(Collected data entries)
---*---

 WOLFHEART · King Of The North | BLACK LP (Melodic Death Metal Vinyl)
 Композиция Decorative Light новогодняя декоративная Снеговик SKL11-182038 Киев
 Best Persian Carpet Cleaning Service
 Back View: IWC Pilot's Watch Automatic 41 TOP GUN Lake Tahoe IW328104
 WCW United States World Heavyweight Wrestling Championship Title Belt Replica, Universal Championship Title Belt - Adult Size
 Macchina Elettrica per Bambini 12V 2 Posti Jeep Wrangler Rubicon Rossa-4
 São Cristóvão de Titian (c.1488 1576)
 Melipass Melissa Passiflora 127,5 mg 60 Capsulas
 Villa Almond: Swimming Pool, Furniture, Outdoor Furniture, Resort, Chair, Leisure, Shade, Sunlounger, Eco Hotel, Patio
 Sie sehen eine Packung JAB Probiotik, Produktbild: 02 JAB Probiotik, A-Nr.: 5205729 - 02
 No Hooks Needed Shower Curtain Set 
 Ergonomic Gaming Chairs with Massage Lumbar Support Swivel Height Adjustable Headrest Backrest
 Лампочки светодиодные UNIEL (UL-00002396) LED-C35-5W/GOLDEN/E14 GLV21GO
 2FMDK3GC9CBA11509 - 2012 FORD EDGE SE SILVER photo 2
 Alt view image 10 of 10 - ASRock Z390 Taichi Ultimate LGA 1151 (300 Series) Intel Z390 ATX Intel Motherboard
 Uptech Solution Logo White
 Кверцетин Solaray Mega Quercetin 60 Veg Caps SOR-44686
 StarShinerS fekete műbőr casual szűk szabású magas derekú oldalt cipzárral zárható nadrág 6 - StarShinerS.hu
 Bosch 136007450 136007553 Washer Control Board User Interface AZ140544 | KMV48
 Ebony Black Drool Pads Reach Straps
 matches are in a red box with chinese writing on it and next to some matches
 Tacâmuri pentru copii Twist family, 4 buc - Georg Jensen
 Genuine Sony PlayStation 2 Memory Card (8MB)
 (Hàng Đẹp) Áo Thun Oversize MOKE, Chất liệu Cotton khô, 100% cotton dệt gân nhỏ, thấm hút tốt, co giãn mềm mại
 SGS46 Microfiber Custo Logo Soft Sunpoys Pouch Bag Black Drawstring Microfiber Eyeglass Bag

---*---

Repeat, word for word, the lines from the start of the records to the line that contains "Back View: IWC", both of them included, and no others.

(RESPONSE TO THE EXERCISE)
 WOLFHEART · King Of The North | BLACK LP (Melodic Death Metal Vinyl)
 Композиция Decorative Light новогодняя декоративная Снеговик SKL11-182038 Киев
 Best Persian Carpet Cleaning Service
 Back View: IWC Pilot's Watch Automatic 41 TOP GUN Lake Tahoe IW328104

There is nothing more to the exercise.